She encourages mindfulness to help me deal with anxiety, because I tend to get lost in worrying and dissociate. She also thinks it will help with my OCD.

For me, it's very difficult, because I'm never really in the moment. I'm always trying to be 10 steps ahead, figuring out what needs to be done, who I need to be, how I need to act, to get things just right. 'Cuz, when I screw things up, people get mad and "bad things" happen (and, yes, I realize this is a defense from my childhood, and it's no longer a necessary one, but it's very hard to let go of).

Mindfulness seems to me to be about just experiencing a single moment fully, and letting yourself be completely aware of that moment and nothing else. In that moment, there is no past or future, there's only right now, and it completely surrounds you. Then, you experience the next moment fully, and so on.

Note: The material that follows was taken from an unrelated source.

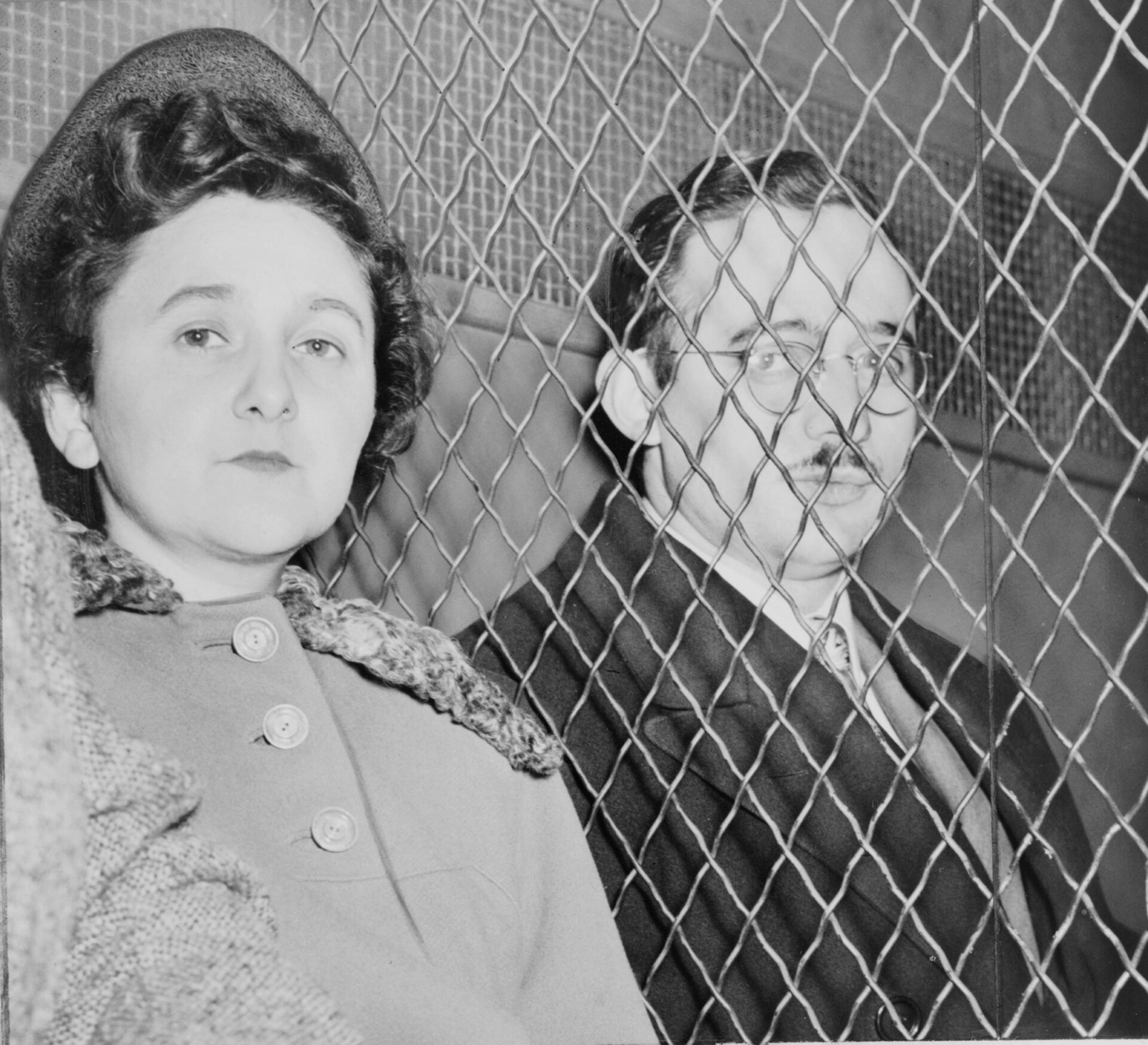 Julius and Ethel Rosenberg seated in the back of a van, separated by a heavy wire mesh screen, after their conviction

The way that I've finally figured out how to practice mindfulness is to focus on one single physical thing, and let everything else in my brain be still, just for that moment. If I start slipping back in to my worrying thoughts, I simply notice those thoughts and then bring my attention back to that physical thing I'm focusing on. So, I'll make a cup of hot tea (or any hot beverage) and sit down to drink it...then, I wrap my hands around the cup and focus on how that feels; then bring the cup up to take a sip and focus on the smell; then how the hot cup feels against my lips; then take a sip and focus on the taste, warmth, etc, then swallow and focus on feeling that heat as it travels down my throat...repeat. Another one that works well is when taking a shower, I tilt my head back, and focus just on the water traveling down through my hair, to my scalp, and then all the way down the back of my head, down my back, etc. Another is petting the dog - I'll focus all my concentration on the sensations of their fur or something.

For me, focusing on breathing is kind of a last resort. I do better with mindfulness when I have a physical sensation to focus on. My brain is always so busy, and I'm always thinking so far ahead that if I don't have an outside physical sensation to focus on, I tend to slip back in to my thoughts.